For the Birds Radio Program: Hearts

Original Air Date: March 18, 1991

Laura celebrates her wedding anniversary thinking about bird hearts. (4:02) (Date confirmed) (Reworked from 3-18-88)

Audio missing

Transcript

Today is my nineteenth wedding anniversary. Birds don’t really get married, much less celebrate wedding anniversaries, but I wanted to mark the occasion with something romantic, so I decided to talk about hearts.

Hearts and birds somehow go together. The poet Robinson Jeffers said to give your heart to Hawks. Othello preferred to wear his heart on his sleeve for daws to peck at, daws referring to the Eurasian Jackdaw, a relative of our crow. Edgar Allan Poe begged his raven to “Take thy beak from out my heart.” Christina Rosetti was definitely having a better day when she said that her heart was like a singing bird.

Bird hearts are every bit as interesting as human hearts. The avian heart is one of the most powerful pumps known to man, and the hummingbird heart is one of the most powerful of all. Ornithologists Joel Peters wrote of a hummingbird:

Darting, hovering helicopter
Fueling at a flower,
Tell me how your engine heart
Generates such power!

Like mammals, birds have a four-chambered heart which completely separates the circulation routes for arterial and venous blood. But a mammal heart is puny and weak compared to the heart of a comparably-sized bird. A robin’s heart beats 570 times every minute. A sleeping chickadee’s heart beats from 522 to 675 times a minute, and once it is awake and flying, the rate doubles to more than a thousand beats a minute. An active Blue-throated Hummingbird’s heart races at 1,260. Our own Ruby-throated Hummingbird, while resting in a dark chamber, has a rate of 614, and no one has developed a technique for measuring it when the hummer is awake. While incubating eggs, a bird’s heart rate jumps, especially on cool nights. a House Wren’s heart beats 455 times a minute at rest normally, but goes up to 701 while sitting on a nest.

Not only do birds have rapid heart beats; they also have extraordinarily high blood pressure. The systolic pressure for a starling is 180 mm, and for a canary is 220. In comparison, a healthy person’s systolic pressure should not exceed 150. A bird’s high pressure pushes the blood through the body very quickly. It takes only about 6 seconds for blood to make a complete circuit through the body of an adult chicken.

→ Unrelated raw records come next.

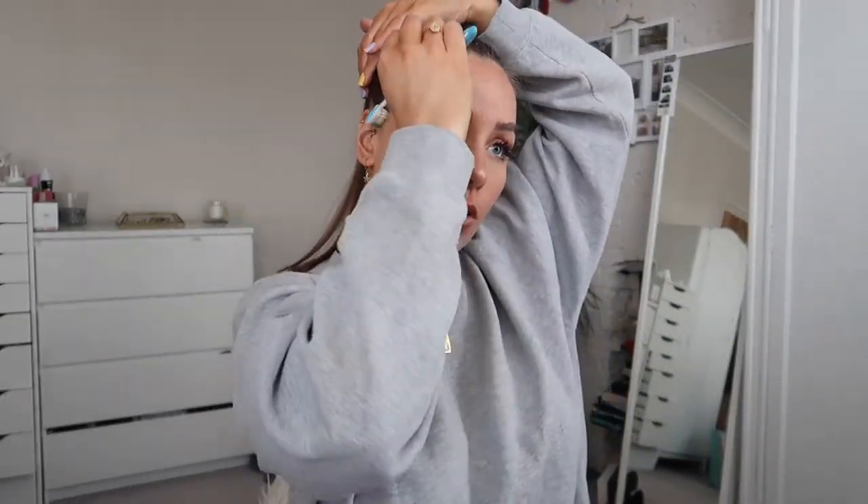Hairstyle number one - we'll start with the easiest. I'm just going to tie my hair up, so all I'm doing for hairstyle one is just getting all my hair into a ponytail. I take this little tangle teaser just to smooth it all out. Once you're happy with it, take your hairband and tie your hair up - I use really big ones because normal hairbands don't fit around my hair. For these little flyaway bits, I take a toothbrush and some gel.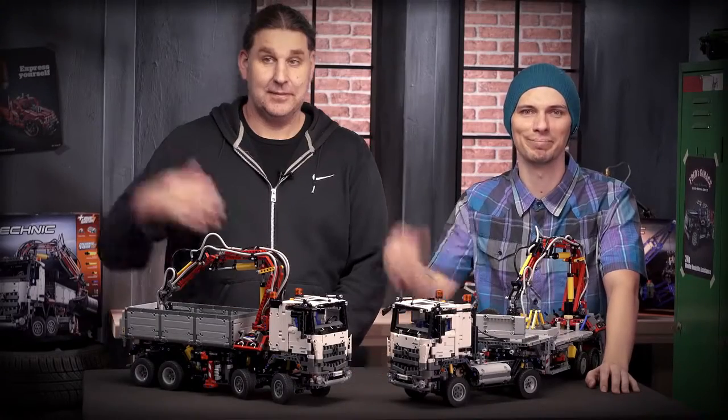Don't forget that you can download building instructions for the B-model on the LEGO Technic website. Thank you for watching and have fun building the models. See you next time. Bye!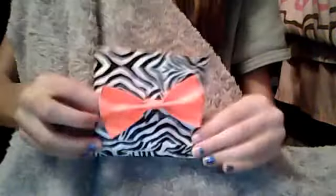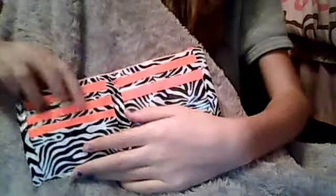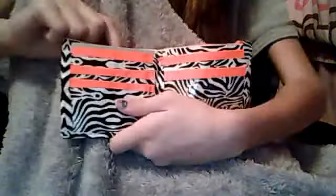Then I have a bi-fold with an orange bell and zebra print. I'll show you with my card — I'll show you on each side that the card fits. So one, two, three, and one over here, and then the ID. So there's one, two, three, four, ID. And then we have a billfold, and it's orange.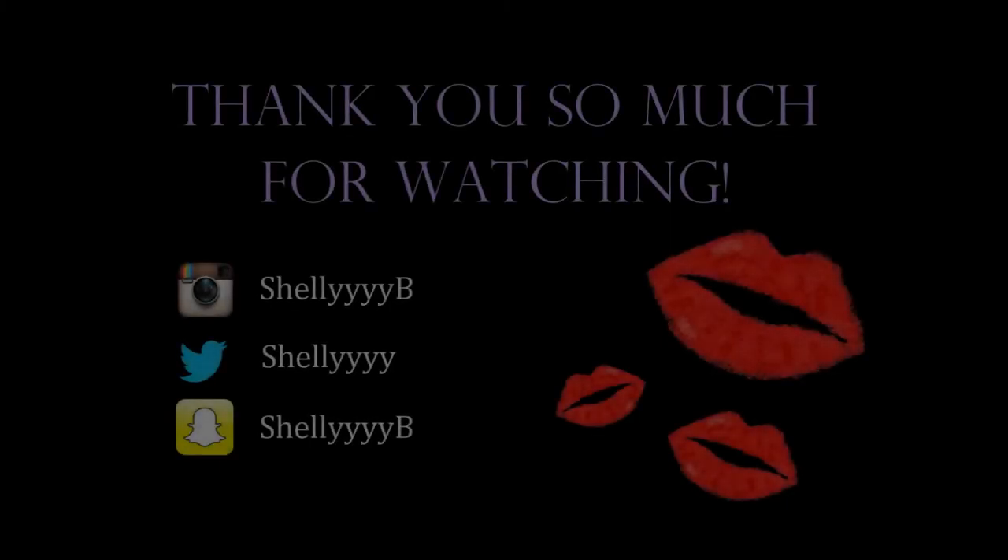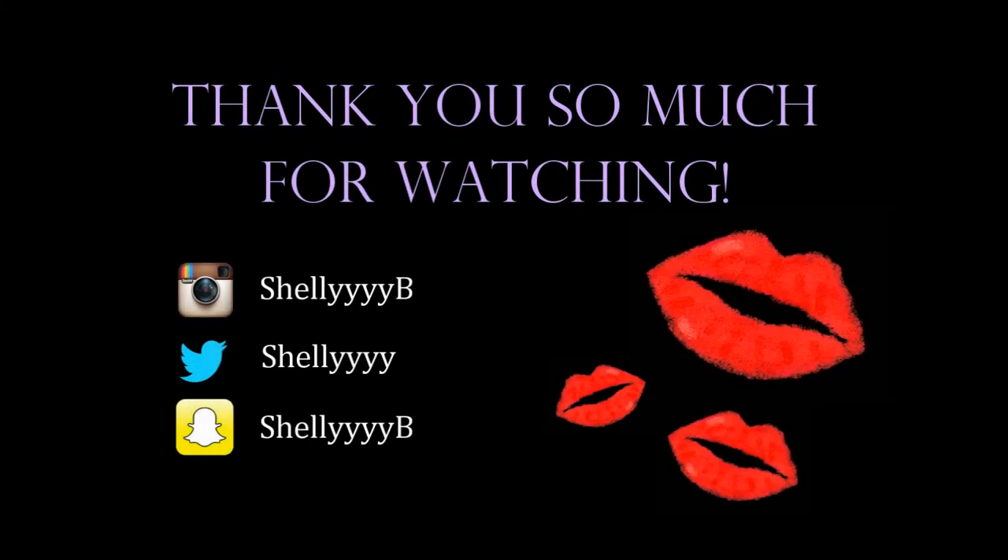That's it! I hope you enjoyed this video. Please give me a thumbs up, subscribe, and leave me a comment or question below. Thanks for watching and I hope you have a great day!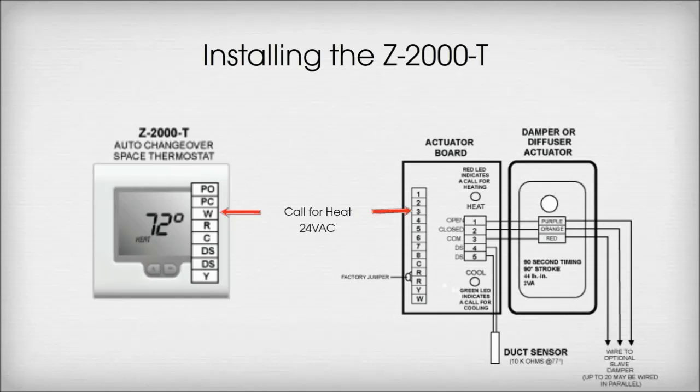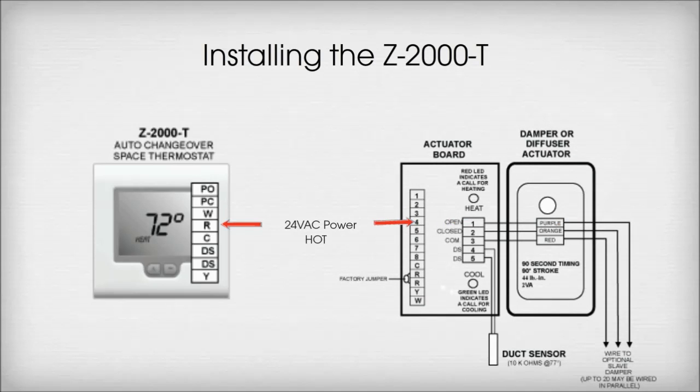Terminal W on the thermostat wires to Terminal 3 on the damper actuator board — this is call for heating. Terminal R on the thermostat wires to Terminal 4 on the damper actuator board — this is 24VAC power, hot.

This high blood pressure also pushes a bird’s heart just about to the limits of mechanical safety. Many banders have caught birds in their nets only to have them die of heart attacks in their hands. One cardinal, who died after an exhausting territorial squabble, was examined carefully, but no outer wounds were present. A post-mortem revealed a 7 mm wound in the ventricle, probably caused by the great pressure built up during the excitement. Although post-mortems are not often done on birds, a Field Sparrow with a ruptured aorta and a Bald Eagle with a ruptured right auricle were also apparently victims of excitement.

In selectively breeding domestic turkeys for rapid growth and heavy meat production, breeders unwittingly also selected strains that have high blood pressure and weak arteries. As a result, some turkey flocks have suffered high mortalities from aortic rupture followed by internal hemorrhaging. To prevent this, a tranquilizing drug is often added to feed mixtures to reduce nervous tension and lower blood pressure. Perhaps some of that tranquilizer should have been added to the laboratory vat in which was kept alive Bill Cosby’s notorious Chicken Heart.